"There's no use o' bein' gay when everything all right, daughter; that's like turnin' on the light when it's twelve o'clock noon. But when things is breakin' up on you, then's your time to cut up dog a little. I'm a terrible believer in sunshine, Madeline—the home-made kind, in particular. I always tell the croakers that every man should have a sunshine plant inside of him—when the outside kind gives out, why, let him start his little mill inside, an' then he's independent as a pig on ice. An' really, it's kind o' natural—there's nothin' so refreshin' as difficulties, in a certain sense. Leastways, that's the kind of an animal I am—when I'm on the turf, give me a hurdle now an' again to make it interestin'."

"Is this a pretty stiff business hurdle you've got to get over now?" asked Madeline, as she smiled admiringly at the home-bred philosophy.

"Well, it's stiff enough. Of course, I've done pretty good in the foundry—ain't in it for my health. But it's terrible uncertain; you know the Scriptur' says the first shall be last—an' it's often that way in business. We're really not makin' hardly any money these days; of course, if you tell the men that, they—they close one eye," said David, illustrating the process as he spoke. "Where are you off to, Madeline?" he asked abruptly, for his daughter had passed into the hall and was putting on her cloak.

"I'm going for my lesson—I'm taking wood-carving, you know. Pretty soon I'll be able to do it myself; and then I'm going to make lots of pretty things and sell them. My class and I are going to support four India famine children," she said proudly.

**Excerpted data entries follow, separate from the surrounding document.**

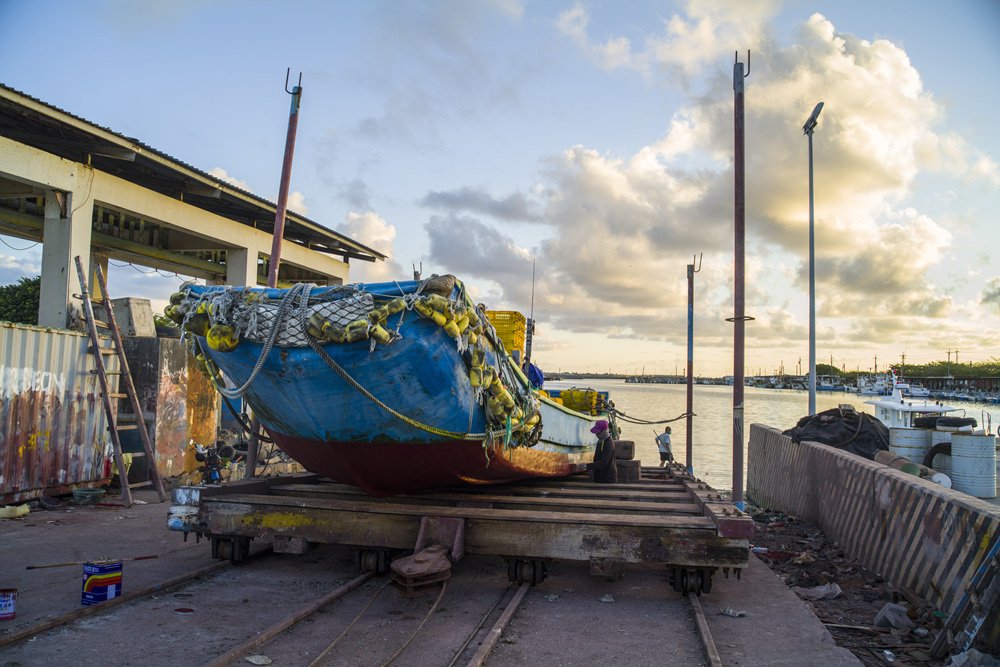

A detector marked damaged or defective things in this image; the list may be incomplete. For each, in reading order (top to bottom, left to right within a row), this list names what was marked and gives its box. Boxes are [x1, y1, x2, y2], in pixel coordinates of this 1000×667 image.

rusted metal container [0, 322, 116, 500]
rusty metal pole [246, 70, 300, 478]
rusty metal pole [266, 70, 300, 290]
rusty metal pole [732, 53, 748, 512]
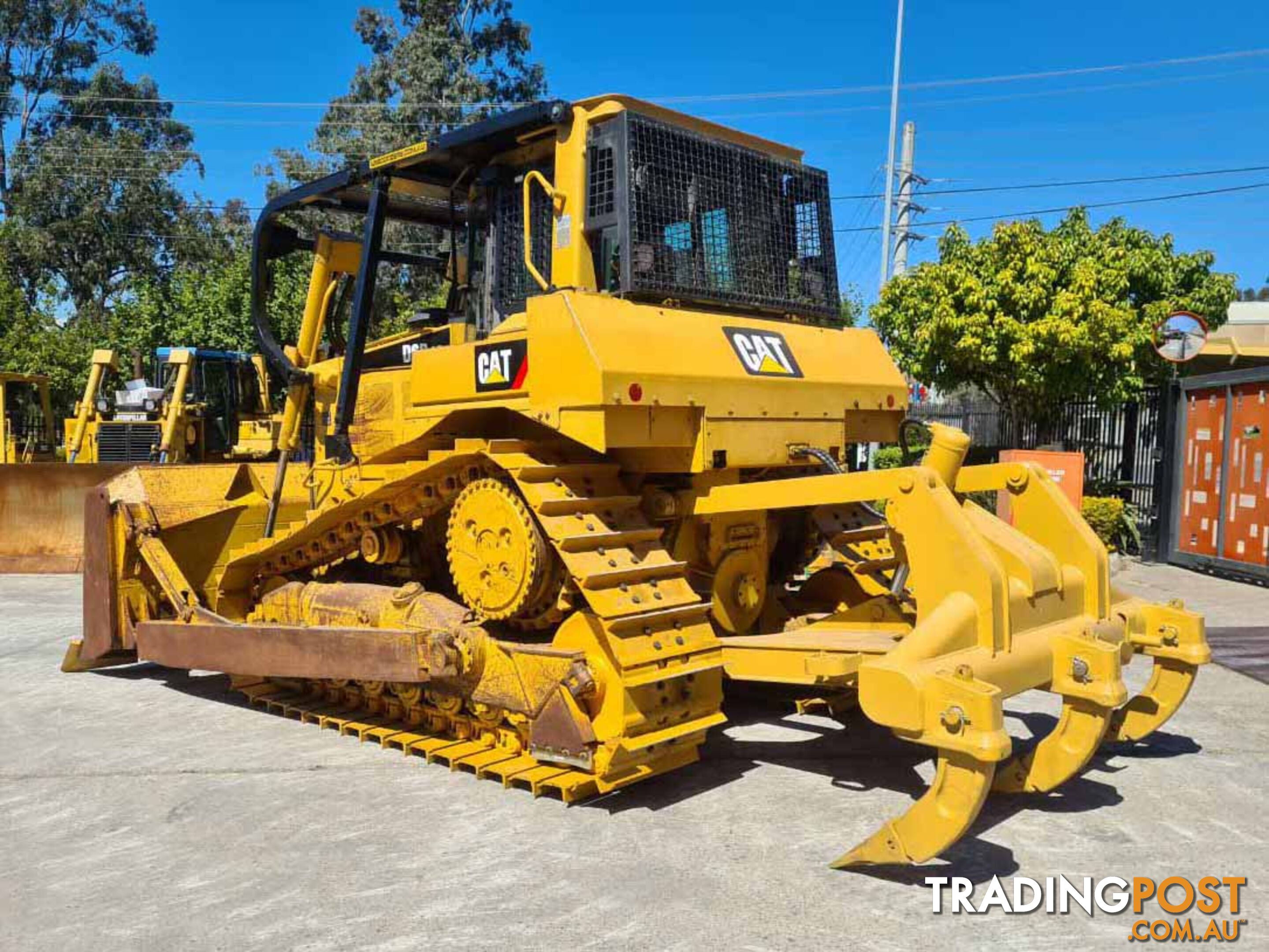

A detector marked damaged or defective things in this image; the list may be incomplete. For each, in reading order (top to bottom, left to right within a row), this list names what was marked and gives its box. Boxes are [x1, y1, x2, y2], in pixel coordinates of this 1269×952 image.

rusty blade surface [0, 465, 132, 573]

"Bully for you! You'll do the carvin', an' they'll do the eatin'—I suppose that's the idea."

Madeline's merry laughter was still pealing as she closed the door behind her. Mrs. Borland turned a rather fretful face to her husband.

"She's taken a class in Sunday-school," she said, lifting her eyebrows to convey some idea of her opinion on the subject. "I did my best to dissuade her, but it was no use."

"What in thunder did you want to prevent her for?" asked David.

"Oh, well, you understand. They're a very ordinary lot, I'm afraid—just the kind of children I've always tried to keep her away from. I never heard one of their names before."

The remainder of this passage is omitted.